[summary: An agent is "reflectively stable" in some regard if it only self-modifies (or constructs successors) to think similarly in that regard. For example, an agent with a utility function that only values paperclips will construct successors that only value paperclips, so having a paperclip utility function is "reflectively stable" (and [goals_reflectively_stable so are most other utility functions]). Contrast "reflectively consistent".]
An agent is "reflectively stable" in some regard, if having a choice of how to construct a successor agent or modify its own code, the agent will only construct a successor that thinks similarly in that regard.
- In tiling agent theory, an [ expected utility satisficer] is reflectively consistent, since it will approve of building another EU satisficer, but an EU satisficer is not reflectively stable, since it may also approve of building an expected utility maximizer (it expects the consequences of building the maximizer to satisfice).

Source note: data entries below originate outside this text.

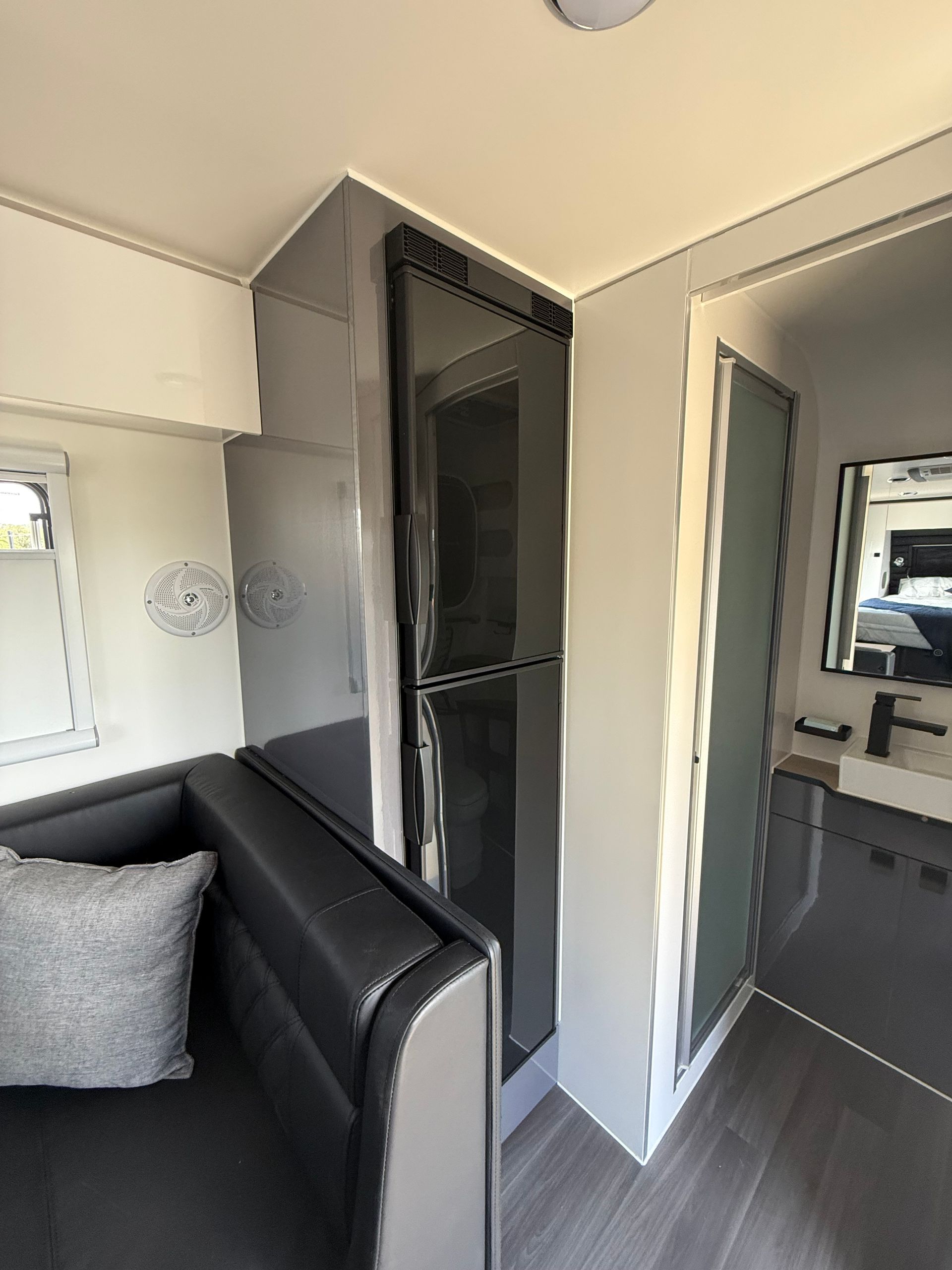 A living room with a couch and a refrigerator.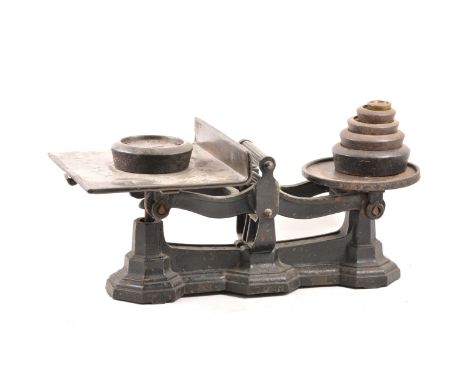 Set of cast iron scales with weights.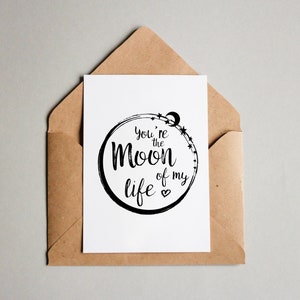 Puede incluir: Una tarjeta blanca con un c&iacute;rculo negro y el texto "You're the Moon of my life" dentro del c&iacute;rculo. La tarjeta est&aacute; en un sobre marr&oacute;n.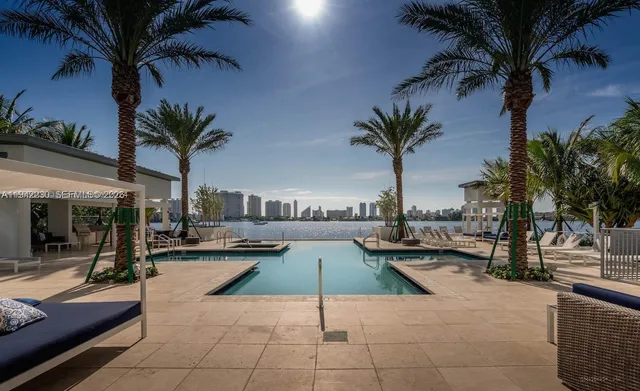 a swimming pool with outdoor seating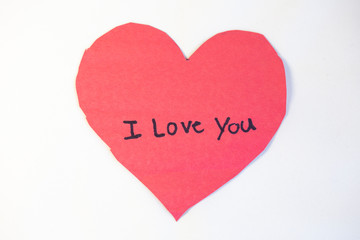 Construction craft paper heart with "I love you" written by child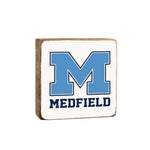 A Rustic Marlin wooden decorative block with 'MEDFIELD' and a blue 'M' on it, indicating a rustic home decor item. Available at Be Caharmed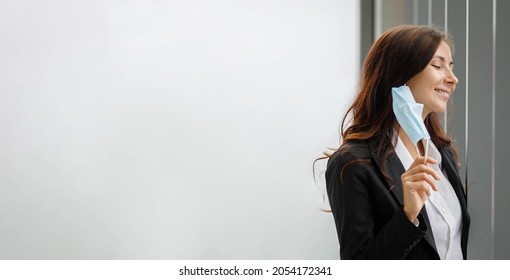 Happy Caucasian Businesswoman Employee Officer Staff In Formal Suit Standing Smiling Alone Taking Off Hygiene Safety Protective Face Mask Breathing Free. Social Distancing Freedom In Company Office.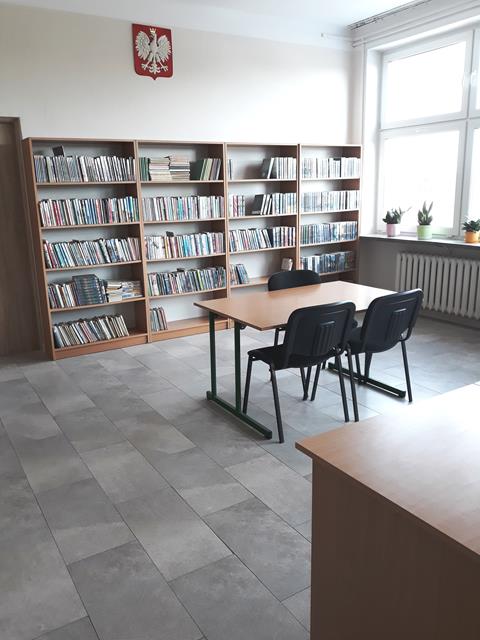 W szkolnej bibliotece na środku stoi stół, przy nim trzy czarne krzesła. Przy ścianie znajduje się regał z książkami, a nad nim wisi godło Polski. Po prawej stronie jest okno i parapet, na którym stoją kwiatki.
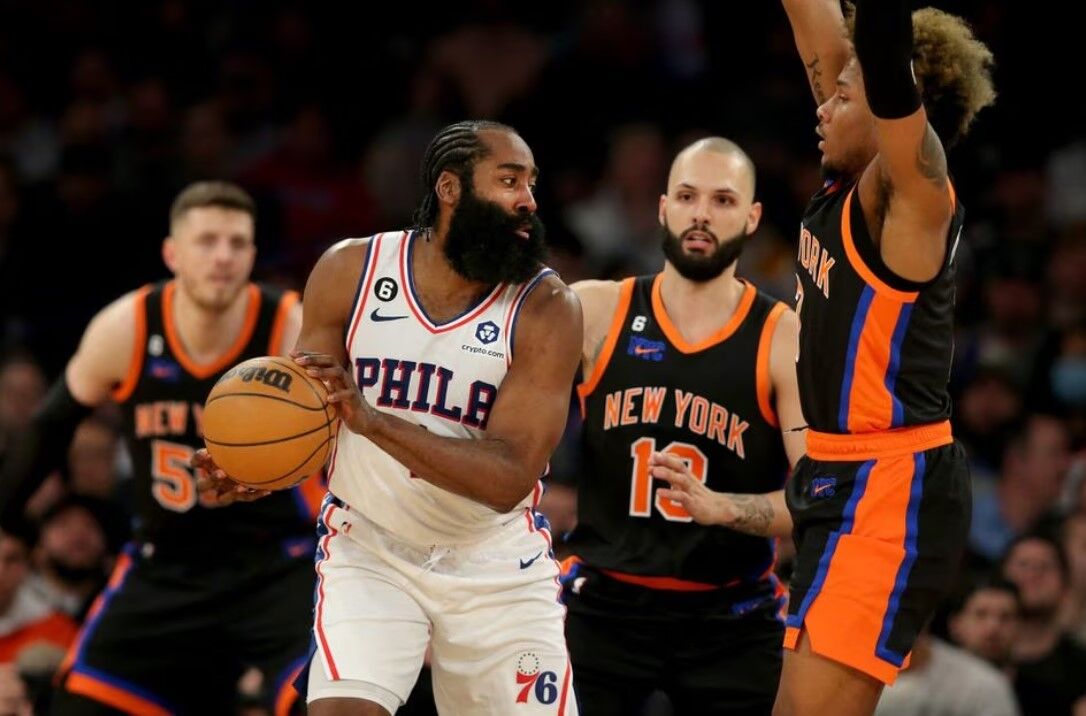 Philadelphia 76ers guard James Harden (1) controls the ball against New York Knicks center Isaiah Hartenstein (55) and guards Evan Fournier (13) and Miles McBride (2) during the fourth quarter at Madison Square Garden in New York, Feb. 5, 2023.
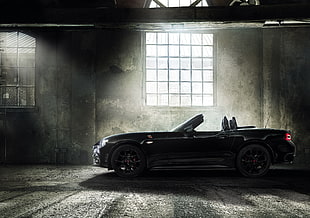 black convertible car in garage with sunlight from window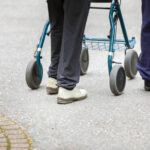 Kuvassa näkyvät ulkona kävelyllä olevan rollaattoria käyttävän vanhuksen jalat ja avustavan henkilön jalat.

- Having a utility function that only weighs paperclips is "reflectively stable" because paperclip maximizers only try to build other paperclip maximizers.
If, thinking the way you currently do (in some regard), it seems unacceptable to not think that way (in that regard), then you are reflectively stable (in that regard).
[todo: untangle possible confusion about reflective stability not being "good" and wanting reflectively unstable agents because it seems bad to them if a paperclip maximizer stays a paperclip maximizer, or they imagine causal decision theorists building something incrementally saner than casual decision theorists.]